Re: Gotham: Sam & Russ
He'd sat across from Lou and Sam and watched the way their history parsed out like a rhythm playing point and counter-point, the way he and Ford had ridden off one another like disappointment and anger was as much part of being connected as every-fucking-thing else. They were family, the way family ran like blood. He'd watched Louis's face, watched it contract with worry like he was entitled to be, and yeah Russ didn't reach to pull the pigtails or ruffle her hair, Sam had a bunch of brothers all looking to keep shit away from her door and it felt weird now. He'd had a brother and he'd lost his kid sister somewhere along the way. Now he didn't have either but the mold had broken somewhere along the line and yeah, he didn't need to stop himself from reaching out and pulling pigtails or some shit. She wasn't thirty-something and fragile like a fucking tea-cup in Victorian London and she wasn't a baby but the difference wasn't a lighted match run along sandpaper, it was just curls in wood that twisted around as it grew. It wasn't even Sam.
He grinned without thinking about it, and he ran his palm over the side of the truck after rubbing it along the denim of one thigh: grease glinted but his palm was a clean sweep over paint.
"Engines make fucking sense," he said. It was that easy. You took something apart and you put it back together and it didn't take a lot of thinking. He shrugged, like he'd been no different, no fucking skip in the record but that fucking fingerprint was just Sam all over. He shook his head like he didn't want to fucking laugh and he used the cuff of his sleeve to wipe it off, until the gleam of paint was unmarred. And maybe some of that shit, little as it was made it fucking easy again. Comfortable.
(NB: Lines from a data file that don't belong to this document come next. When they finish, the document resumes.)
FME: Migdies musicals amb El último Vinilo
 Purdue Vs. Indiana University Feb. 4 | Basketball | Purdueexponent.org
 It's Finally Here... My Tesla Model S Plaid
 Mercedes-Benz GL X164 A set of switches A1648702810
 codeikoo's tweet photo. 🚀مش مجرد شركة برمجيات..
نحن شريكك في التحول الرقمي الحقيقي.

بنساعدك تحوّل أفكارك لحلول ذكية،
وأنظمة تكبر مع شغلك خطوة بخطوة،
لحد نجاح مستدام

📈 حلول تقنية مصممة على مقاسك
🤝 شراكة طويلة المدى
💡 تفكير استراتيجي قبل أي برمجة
"I'm buying me my own fucking burger," he said and he moved off from beside the truck and yeah, okay he eyed the kid who was pissing around watching instead of doing any fucking work, in passing. "Oil is a - what the fuck you call it, an acquired taste. You can have your own burger." He shouldered past the crowd crammed around the radio and the coffee, and he lifted two jackets off the peg, not just one. "You want one?" The sunlight was sharp and clear and cold as it peeled through the entrance and Gotham outside was Chicago-cold winter.
He left it to her to take one or not, and he said maybe five words to the guy up front who looked like he was in charge of shit, before he was moving off down the concrete toward the entrance and the hiss of traffic over slush out front.